Does my caller's audio leave my server when CodeB Voice AI answers a call?

It depends on the backend the operator configured. With a cloud AI Voice Engine, caller audio is streamed in real time to the model API and processed there under that vendor's terms. With the on-premise AI Voice Engine backend, no audio leaves the machine. There is no default cloud connection — if no model is configured, AI calls do not run.

Where do AI-call transcripts live?

Tenant-local under App_Data/ /ai-transcripts/ as .txt and .json. The bridge can email a copy to the operator address attached to the vnum or campaign. Nothing is uploaded anywhere else by default.

Who is the data controller for AI calls?

You are. If your deployment runs AI calls using a cloud model, you are the controller for that processing under GDPR Art. 4(7) and equivalent law in your jurisdiction. You choose the model backend, the retention policy, and the caller disclosure. Aloaha Limited and the model vendor are processors.

Do I have to tell callers they're speaking to an AI?

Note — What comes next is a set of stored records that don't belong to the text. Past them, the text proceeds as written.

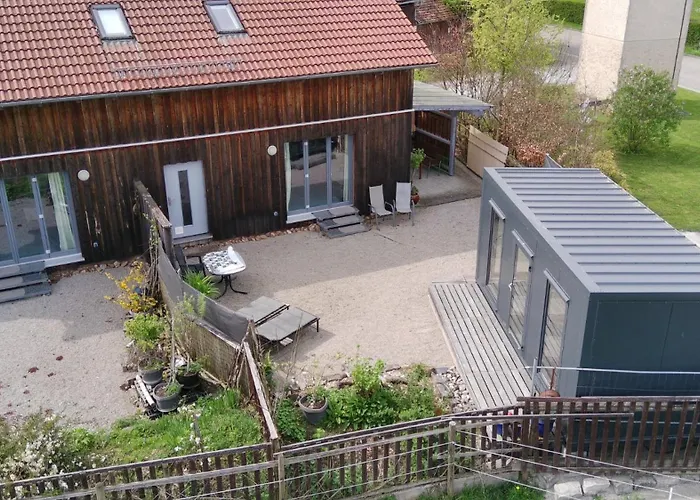 Gaestehaus Plath *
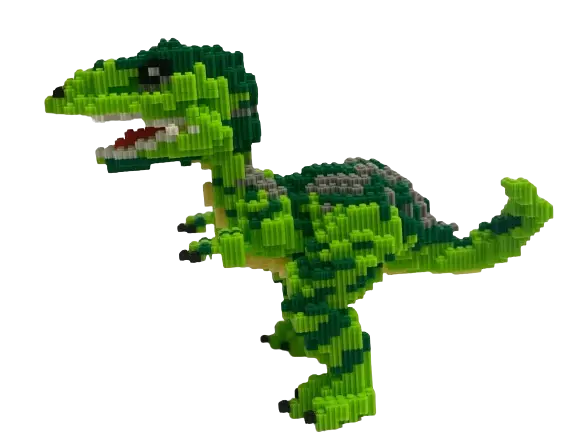 Lego Tamanho Família Tiranossauro Rex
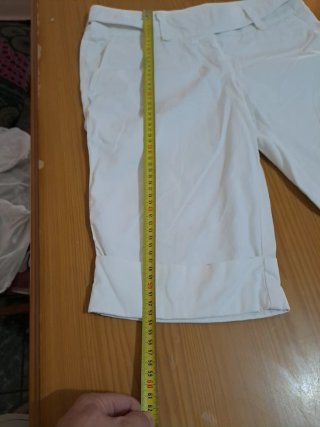 Pantalones Thomas Burberry Talla 40 Beige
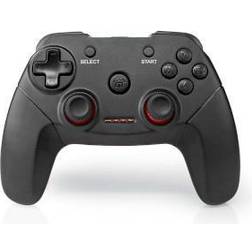 Nedis GGPDW110BK Gamepad Wireless PC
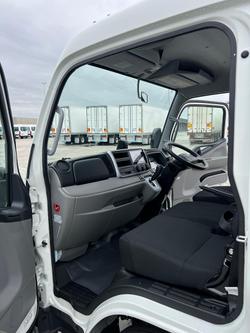 2024 Fuso Canter 515 Alloy White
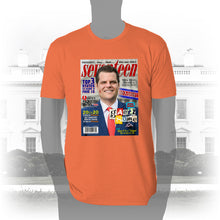 Load image into Gallery viewer, DK74: Matt Gaetz Some - Men&#39;s Short Sleeve
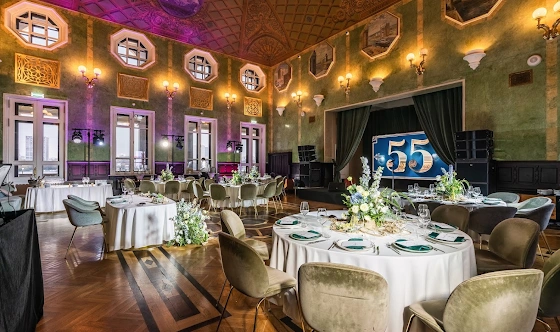 Фото №18 зала Основной зал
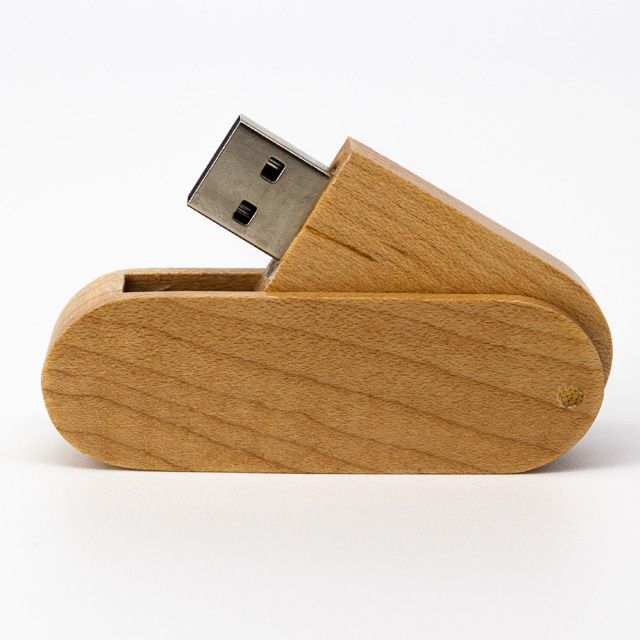 USB MADERA 4GB LADILX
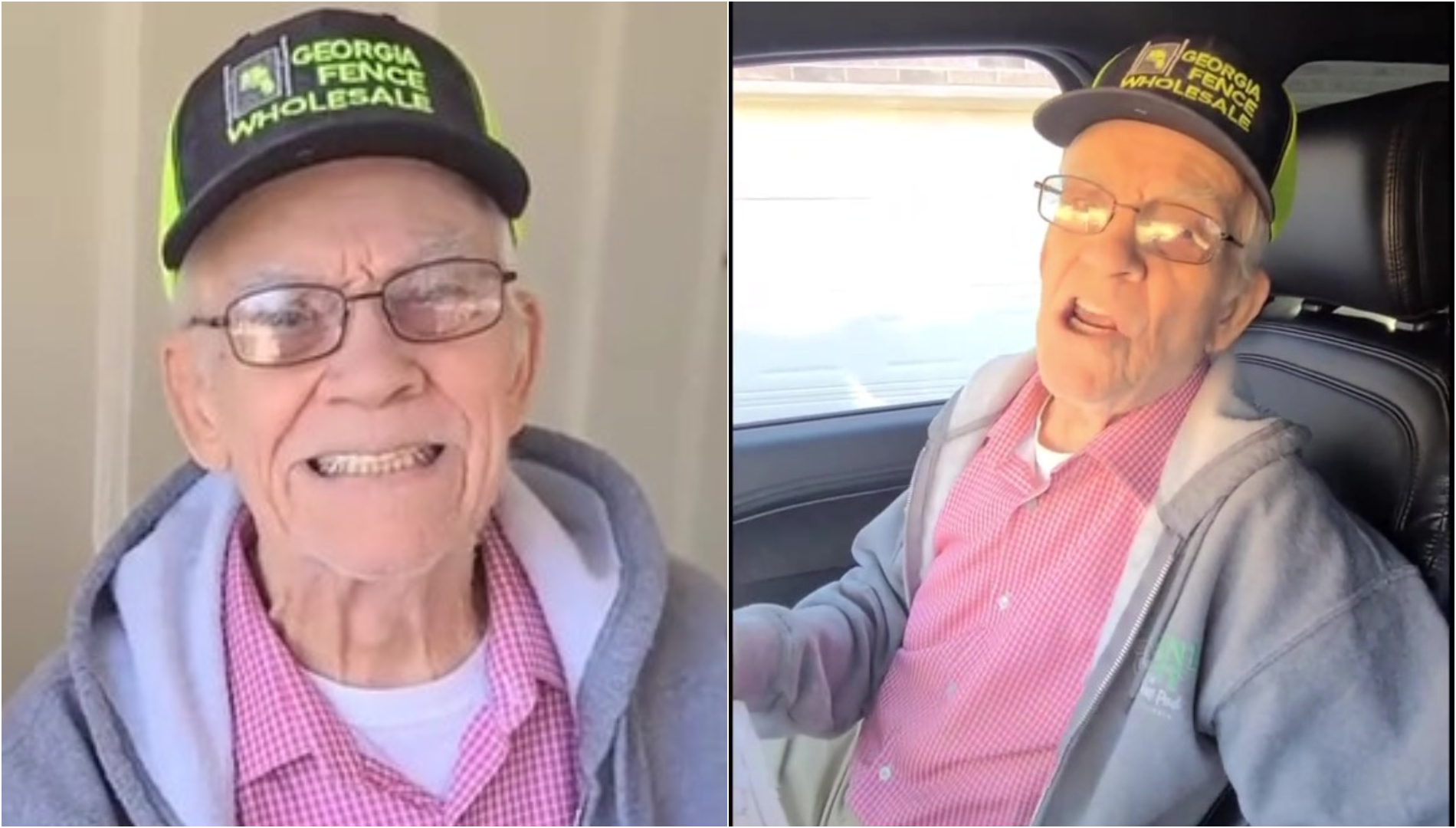 ‘Avô do TikTok’ morre aos 90 anos: ‘Nossa memória e tesouro’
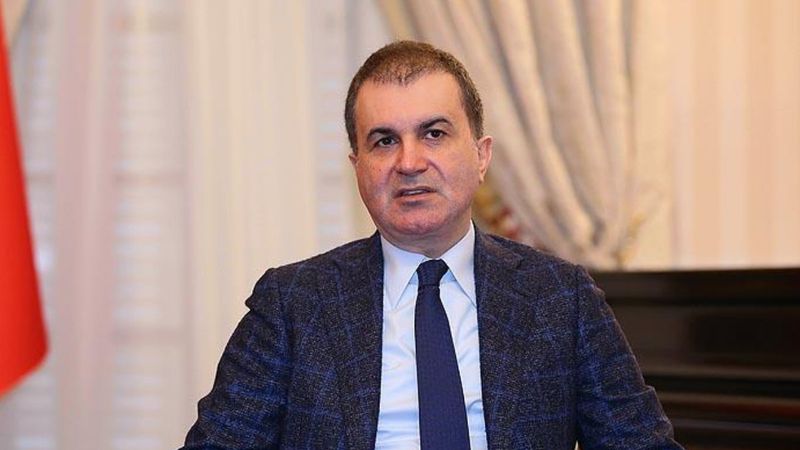 Ömer Çelik: Kılıçdaroğlu'nun sözleri yok hükmündedir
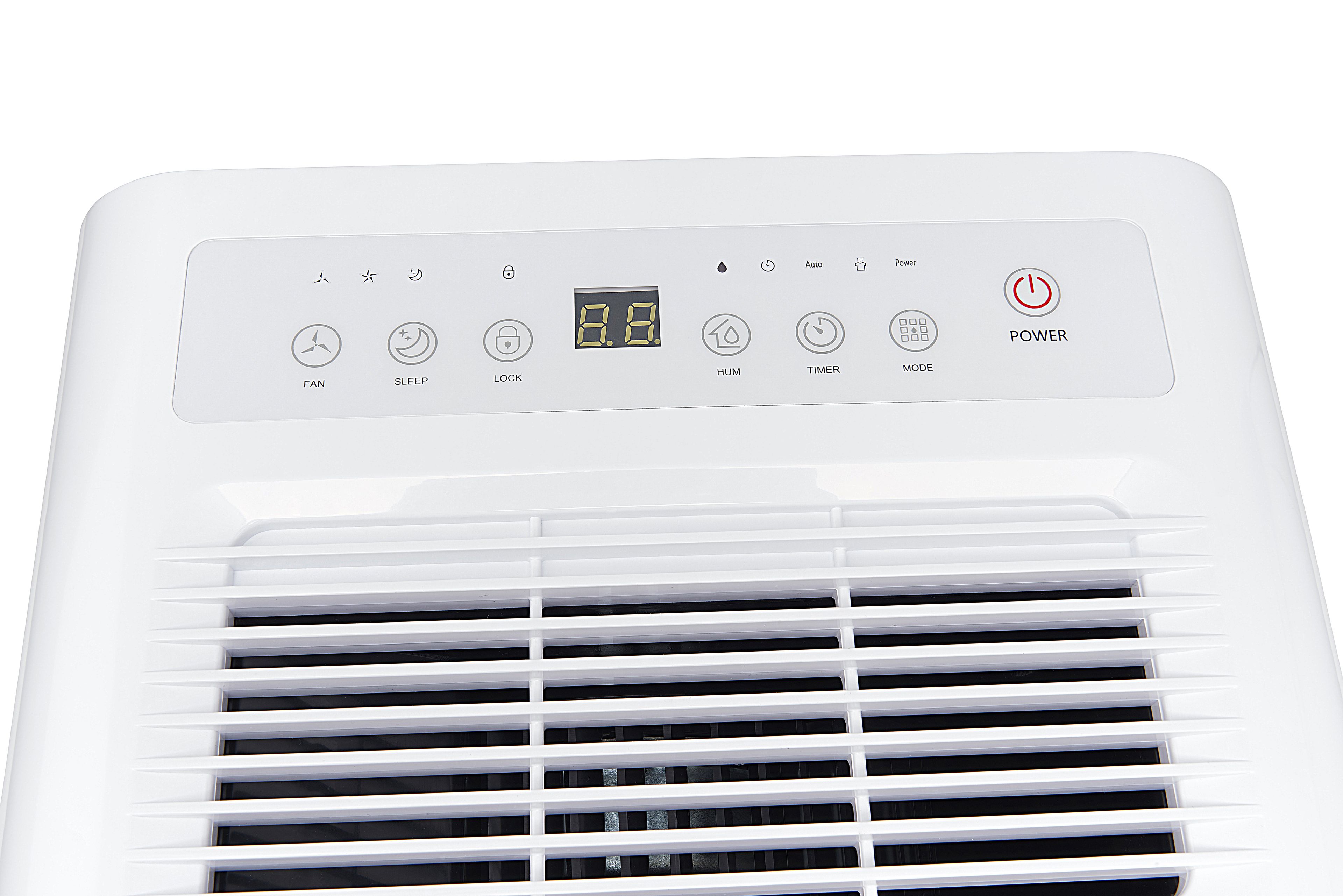 HBM Deumidificatore 180 watt, 120 m³/h Image 3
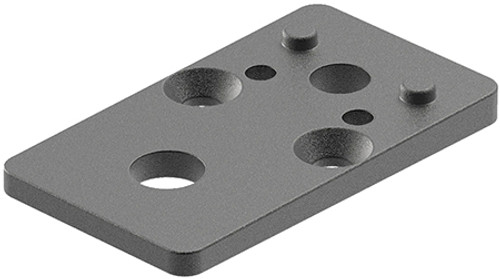 Leupold DeltaPoint Pro, S&W CORE Mount, Handgun, Matte Black Leupold DeltaPoint Pro, S&W CORE Mount, Handgun, Matte Black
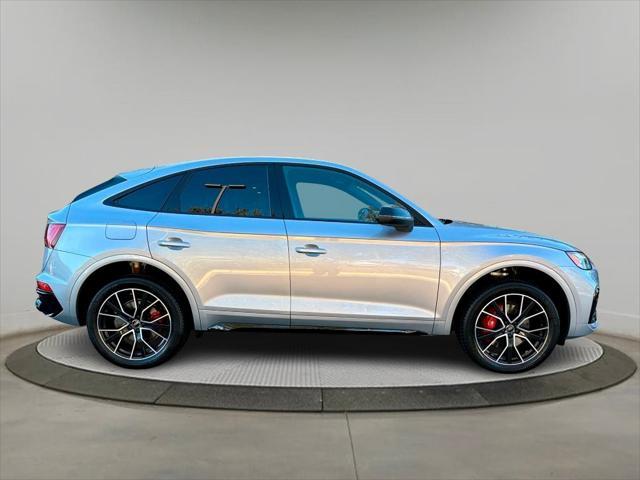 new 2025 Audi SQ5 car, priced at $71,065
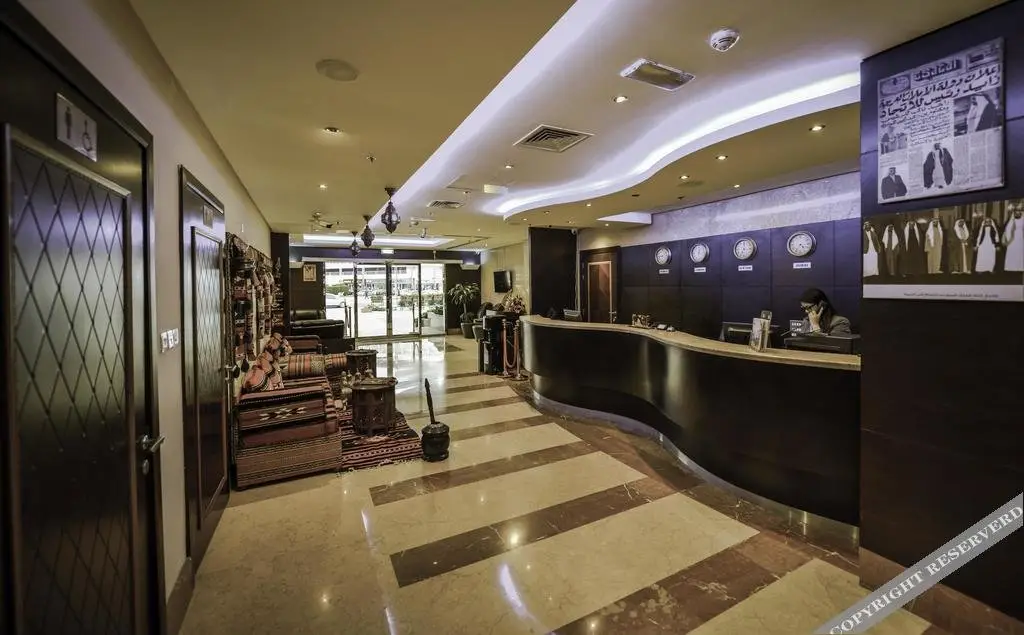 Дубай: Intercity Hotel Apartment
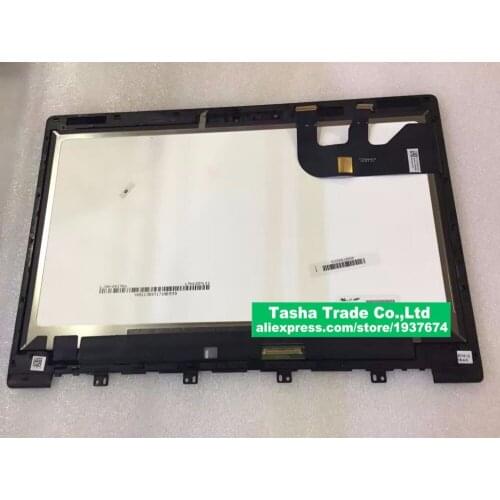 13.3" For ASUS Transformer Book Flip TP300 TP300LA TP300LD LCD Touch Screen Assembly Display 1366X768 with frame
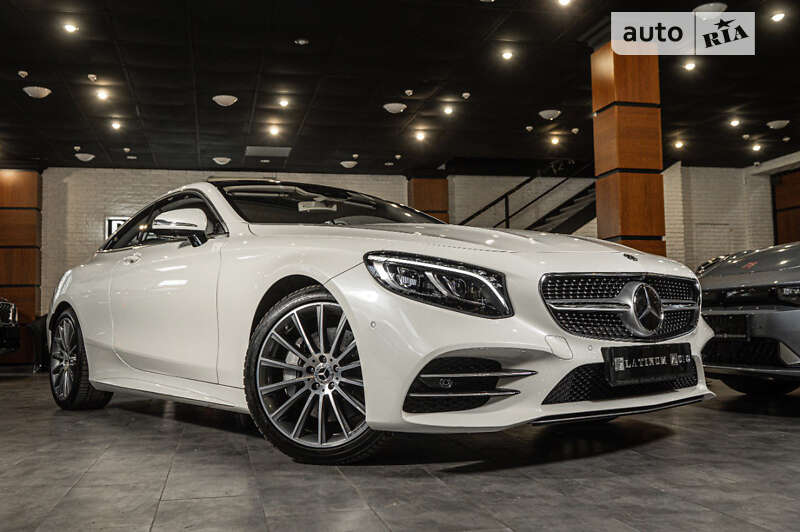 2020 mercedes-benz s-class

Yes, in most jurisdictions. The EU AI Act (Art. 50) requires disclosure of AI interaction; some US states require it at the start of the call; sectoral law (e.g. healthcare) may impose stricter rules. Disclosure is typically delivered in the AI's first sentence or via a hold-message before the model picks up.

Can I run CodeB Voice AI fully on-premise with no cloud model?

Yes. Configure the bridge with the on-premise AI Voice Engine text-to-speech backend, or wire it to an on-premise inference server running a on-premise speech-to-text + an open-weights model combo. No caller audio, transcripts or prompts leave the machine. The trade-off is response latency and natural-language quality — practical for scripted intake, not yet matching the cloud AI Voice Engine for free-flow conversation.

What about call recording and consent?

CodeB does not record AI calls as audio files. It writes the transcript (text only) returned by the model. If you need full audio recording, that is a separate feature governed by your own retention policy and consent flow.

AI·PRIVACY·v1

AI calls have a different privacy posture than meetings.

CodeB Sovereign Communications and CodeB Phone keep human-to-human media inside your deployment. CodeB Voice AI doesn’t, by design — not unless you pick the local backend. This page explains exactly what changes when an AI call runs, who becomes responsible for what, and what choices you have.

Reading this page because you’re on a procurement, DPO or security-architecture path? Jump to the data-egress matrix, operator checklist, and the regulatory anchors. For the technical packet flow, see vnum-dataflow.html.

01 / Backend choice is yours

The model backend is pluggable per deployment.

CodeB Voice AI doesn’t bake any one model vendor into the product. The bridge can run against any of the following, configured by the operator in App_Data/<tenant>/appsettings.json. There is no default cloud connection: with no backend configured, AI calls don’t run.

CLOUD

a cloud AI Voice Engine

Real-time bidirectional voice over WebSocket. Caller audio streamed to the configured cloud-engine vendor’s API and processed there; transcripts returned through the same connection. Google’s data-processing terms apply.

CLOUD

another cloud AI Voice Engine

Same architectural pattern as the cloud AI Voice Engine. Caller audio streamed to the configured cloud-engine vendor; the cloud-engine vendor’s terms apply. Mix-and-match by vnum is supported.

ON-PREMISE

On-premise AI Voice Engine / inference server

On-Premise-AI-Sprach-Engine text-to-speech for static scripts, or wire to an on-prem on-premise speech-to-text + an open-weights model. No caller audio leaves the machine. Recommended for air-gap, healthcare and public-sector.

Two specifics worth knowing. API keys are per-tenant, configured in the tenant’s appsettings file — we don’t share or proxy keys between deployments. Per-vnum backend override is supported: you can route one DID to a cloud AI Voice Engine and another DID on the same install to an on-premise AI Voice Engine, if some lines need the cloud model and others must stay on-prem.

02 / What leaves vs. what stays

The egress matrix.

The single most important question for a procurement review is “does this data leave my network?” Here is the complete answer per backend.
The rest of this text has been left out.